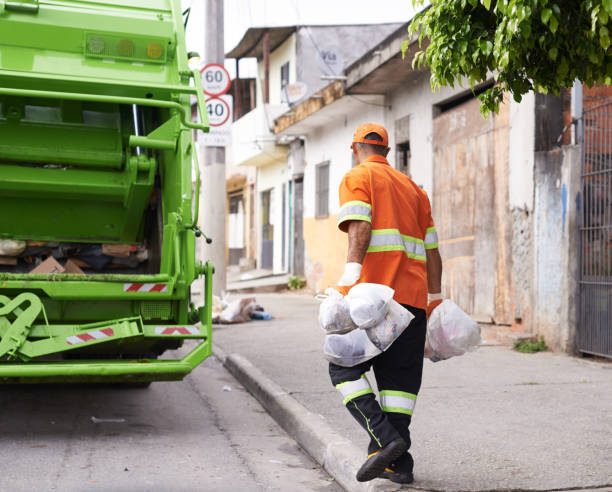 Best Construction Debris Removal  in Angwin, CA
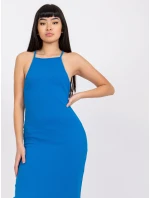 Šaty RV SK 7562.20x tmavě modrá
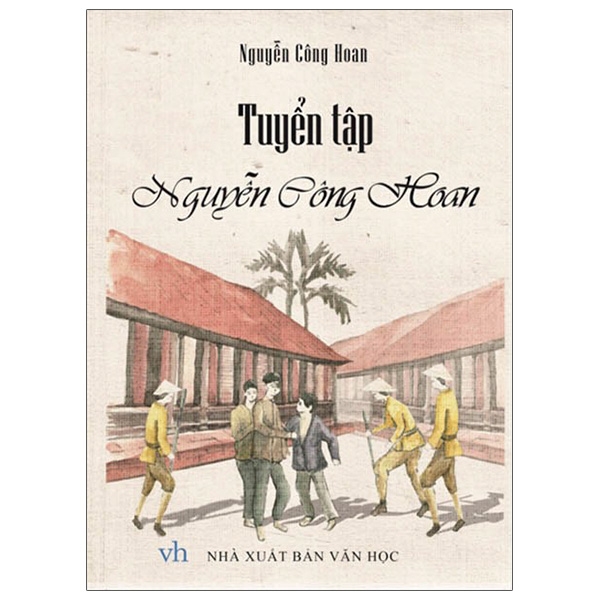 Tuyển Tập Nguyễn Công Hoan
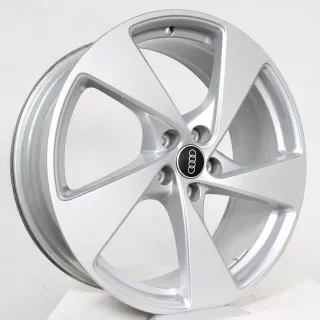 20 Zoll original Audi Q5 SQ5 GU 8MA601025G Alufelgen 4 Stück Felgen neues Modell - Bild 2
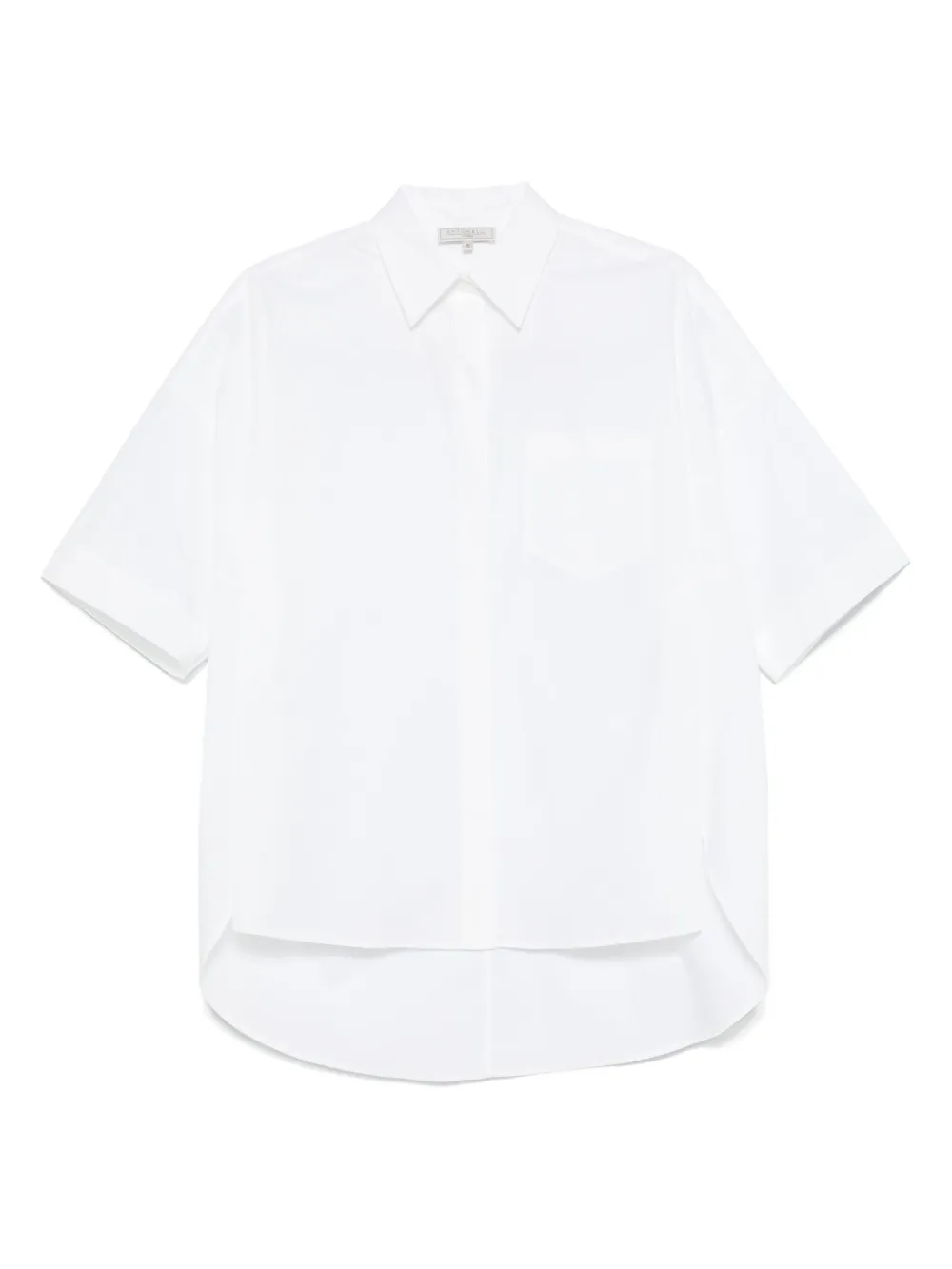 Antonelli camisa Klimt | blanco | Image 1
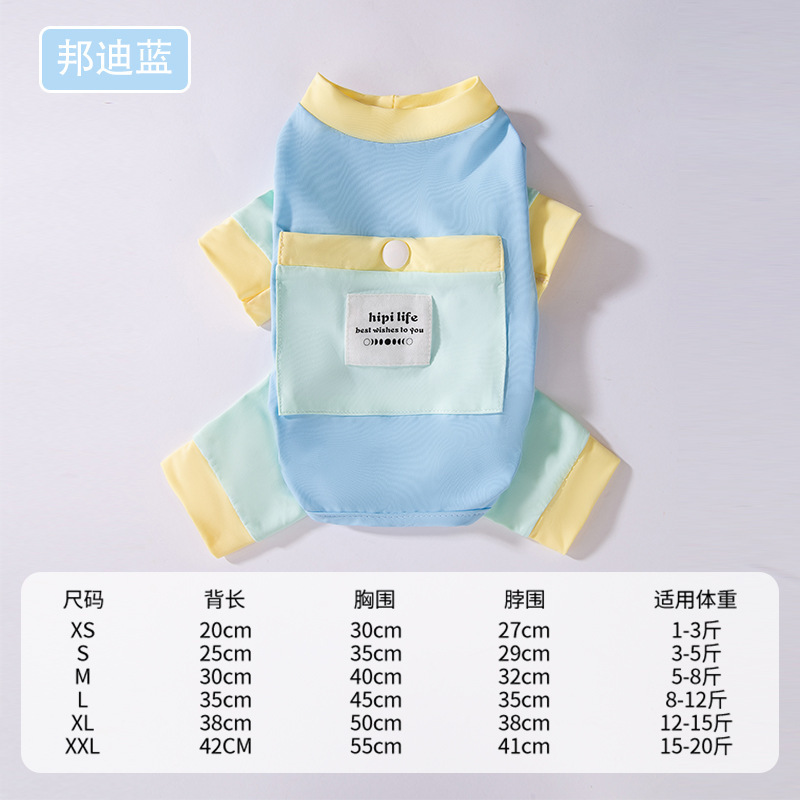 Bundy Blue (incluye bolsas de hielo + bolsas de ajenjo)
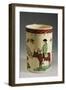 No Taxation Without Representation Mug, Ca 1770-null-Framed Giclee Print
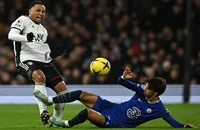 Chelsea – Fulham: Kịch bản có lặp lại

__________

* Task directions
In full and without changes, repeat the listing above, but not its pictures.

* Solution
 Best Construction Debris Removal  in Angwin, CA
 Šaty RV SK 7562.20x tmavě modrá
 Tuyển Tập Nguyễn Công Hoan
 20 Zoll original Audi Q5 SQ5 GU 8MA601025G Alufelgen 4 Stück Felgen neues Modell - Bild 2
 Antonelli camisa Klimt | blanco | Image 1
 Bundy Blue (incluye bolsas de hielo + bolsas de ajenjo)
 No Taxation Without Representation Mug, Ca 1770-null-Framed Giclee Print
 Chelsea – Fulham: Kịch bản có lặp lại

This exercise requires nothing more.